BD+43 3654

Observation data Epoch J2000.0 Equinox ICRS
- Constellation: Cygnus
- Right ascension: 20^{h} 33^{m} 36.079^{s}
- Declination: +43° 59′ 07.38″
- Apparent magnitude (V): 10.06

Characteristics
- Spectral type: O4If
- Apparent magnitude (B): 11.245
- Apparent magnitude (J): 6.636
- Apparent magnitude (H): 6.198
- Apparent magnitude (K): 5.973

Astrometry
- Proper motion (μ): RA: 0.5 ± 1.3 mas/yr Dec.: 2.0 ± 1.3 mas/yr
- Parallax (π): 0.6057±0.0304 mas
- Distance: 5,400 ± 300 ly (1,650 ± 80 pc)
- Absolute magnitude (M_{V}): −6.27

Details
- Mass: 64.6 M_{☉}
- Radius: 18.8 R_{☉}
- Luminosity (bolometric): 850,000 L_{☉}
- Temperature: 40,422 K
- Age: 2.0 Myr
- Other designations: BD+43 3654, GSC 03165-00228, TYC 3165-228-1, 2MASS J20333607+4359075

Database references
- SIMBAD: data

= BD+43 3654 =

Star in the constellation Cygnus

BD+43 3654 is a massive luminous blue supergiant runaway star in the constellation Cygnus.

==Features==
BD+43 3654 has a spectral type of O4If with a mass around 65 times higher than the Sun, likely 850,000 times brighter, and very young, with an age that has been estimated to be around 2 million years. Its distance to the Solar System has been estimated to be 1.45 kiloparsecs (4,700 light-years) and it is moving at high speed through the interstellar medium, creating a bow shock.

==Origin==
Studies of the trajectory and speed of BD+43 3654 relative to the other stars of the nearby, massive stellar association Cygnus OB2 suggest it is a runaway star, making it one of the most massive runaway stars known in the Milky Way (along with the O-type supergiants Lambda Cephei and Zeta Puppis). Initially it was suggested a supernova explosion of a former binary system companion star caused the high velocity of BD+43 3654.

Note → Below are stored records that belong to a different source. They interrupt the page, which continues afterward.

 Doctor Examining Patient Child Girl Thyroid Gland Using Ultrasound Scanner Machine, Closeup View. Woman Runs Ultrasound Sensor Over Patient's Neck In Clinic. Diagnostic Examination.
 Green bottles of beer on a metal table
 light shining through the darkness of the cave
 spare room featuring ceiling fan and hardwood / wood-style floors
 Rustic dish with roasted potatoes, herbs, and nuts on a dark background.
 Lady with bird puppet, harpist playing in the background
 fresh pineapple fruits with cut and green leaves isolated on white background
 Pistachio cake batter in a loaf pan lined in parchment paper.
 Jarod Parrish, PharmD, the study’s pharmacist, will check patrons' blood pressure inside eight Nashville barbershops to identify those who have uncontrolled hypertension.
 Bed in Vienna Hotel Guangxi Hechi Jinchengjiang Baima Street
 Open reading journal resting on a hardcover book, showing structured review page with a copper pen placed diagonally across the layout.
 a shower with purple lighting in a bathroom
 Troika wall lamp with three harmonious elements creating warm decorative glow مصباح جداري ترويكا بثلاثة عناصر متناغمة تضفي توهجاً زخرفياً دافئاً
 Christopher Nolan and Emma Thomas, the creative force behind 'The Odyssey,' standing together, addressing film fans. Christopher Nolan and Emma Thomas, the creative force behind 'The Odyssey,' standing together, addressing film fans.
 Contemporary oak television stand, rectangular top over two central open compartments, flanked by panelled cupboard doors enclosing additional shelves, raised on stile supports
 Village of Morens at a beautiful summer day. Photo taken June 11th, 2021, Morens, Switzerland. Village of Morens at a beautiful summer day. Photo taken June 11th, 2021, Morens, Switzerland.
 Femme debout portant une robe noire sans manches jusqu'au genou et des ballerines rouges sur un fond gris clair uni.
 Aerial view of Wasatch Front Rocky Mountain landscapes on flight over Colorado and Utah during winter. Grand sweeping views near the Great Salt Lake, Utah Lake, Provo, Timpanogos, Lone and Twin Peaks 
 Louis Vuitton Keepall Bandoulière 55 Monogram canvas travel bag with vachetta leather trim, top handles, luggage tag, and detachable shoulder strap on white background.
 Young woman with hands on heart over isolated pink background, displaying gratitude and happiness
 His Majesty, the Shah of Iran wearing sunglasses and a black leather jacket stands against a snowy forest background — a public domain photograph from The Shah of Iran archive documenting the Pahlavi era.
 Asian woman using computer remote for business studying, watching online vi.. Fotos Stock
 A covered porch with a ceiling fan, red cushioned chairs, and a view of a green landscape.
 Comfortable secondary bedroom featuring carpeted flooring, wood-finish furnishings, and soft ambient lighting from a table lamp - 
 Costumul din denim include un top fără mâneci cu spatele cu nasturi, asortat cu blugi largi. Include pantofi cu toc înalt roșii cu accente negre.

Later research shows that a supernova ejection would not produce such a high space velocity. Given that BD+43 3654 appears to be younger than most stars in Cygnus OB2, an alternative scenario has been proposed in which BD+43 3654 is a massive blue straggler born in an encounter between two former double stars in the core of Cygnus OB2. In this setting, two stars of each binary would collide and merge forming a larger, more massive star (BD+43 3654), that would be ejected from the stellar association along with two other stars. These additional stars would end by exploding as supernovae to leave behind two pulsars. B2020+28 and B2021+51 are identified as these pulsars, as their dynamics indicate they were expelled from Cygnus OB2. A derivative consequence of the latter scenario is that the brightest and most massive stars of Cygnus OB2 would be blue stragglers too.

Another theory is that runaways of this mass and velocity can be produced by an encounter between a massive single star and a close binary system. Such an encounter is expected to send the binary system in the opposite direction to the single star, and no such massive binary has been found corresponding to BD+43 3654.